U.S. racing to build a domestic rare‑earth supply chain for defense and industry | Samarium
U.S. racing to build a domestic rare‑earth supply chain for defense and industry
Published on 9/17/2025
Consumer Electronics
U.S. accelerates domestic rare-earth production and processing to reduce Chinese dependence, scale nationwide magnet manufacturing, and secure military supply chains.
A recent surge of public‑private deals highlights a national push to reduce reliance on China for processed rare earth elements and high‑performance magnets.
These 17 metals power consumer electronics, EVs, wind turbines and critical military systems — an F‑35 contains around 900 pounds, a submarine more than 9,000 pounds of rare‑earth materials in sensors and electric motors.
China currently dominates processing and has used export restrictions as leverage, prompting urgent U.S. action to re‑establish domestic capability.
Startups and larger firms are scaling magnet production.

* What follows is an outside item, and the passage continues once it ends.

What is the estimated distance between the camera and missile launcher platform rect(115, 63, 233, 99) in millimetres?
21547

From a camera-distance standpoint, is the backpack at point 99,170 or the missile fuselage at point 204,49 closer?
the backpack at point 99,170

One two‑year‑old company in Research Triangle Park closed a $65 million Series A, has supplied all branches of the military, and signed supply contracts with mining and processors — deliberately avoiding Chinese inputs.

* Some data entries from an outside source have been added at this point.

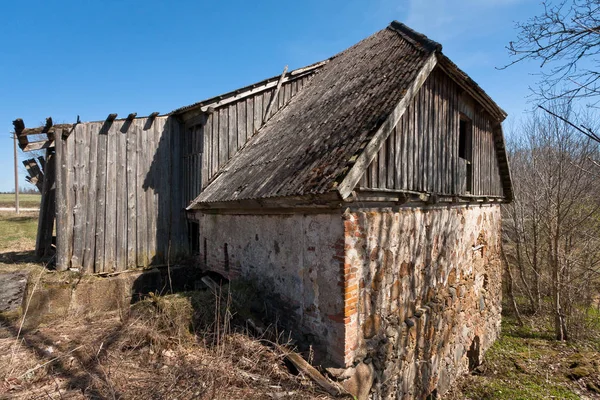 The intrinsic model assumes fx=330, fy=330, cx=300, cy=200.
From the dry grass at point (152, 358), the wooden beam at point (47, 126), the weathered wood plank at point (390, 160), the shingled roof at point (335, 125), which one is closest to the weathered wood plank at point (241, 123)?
the shingled roof at point (335, 125)

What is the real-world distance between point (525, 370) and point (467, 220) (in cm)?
369

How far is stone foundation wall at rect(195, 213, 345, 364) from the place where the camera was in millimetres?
4168

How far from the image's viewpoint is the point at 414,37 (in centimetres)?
639

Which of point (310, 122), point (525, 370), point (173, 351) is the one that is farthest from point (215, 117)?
point (525, 370)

Federal efforts span administrations: multibillion‑dollar deals with domestic miners, direct investment, and Pentagon coordination to rebuild an end‑to‑end chain from ore to magnets.
Constraints remain. Some rare earths aren’t commercially viable to mine in the U.S., so partnerships with allies (Australia, Brazil, Saudi Arabia), recycling, and material‑reduction strategies are being deployed.
Experts say progress is tangible but full self‑sufficiency will likely take five to ten years, contingent on investment, industrial scaling, and securing diverse sources of concentrate and processing capacity.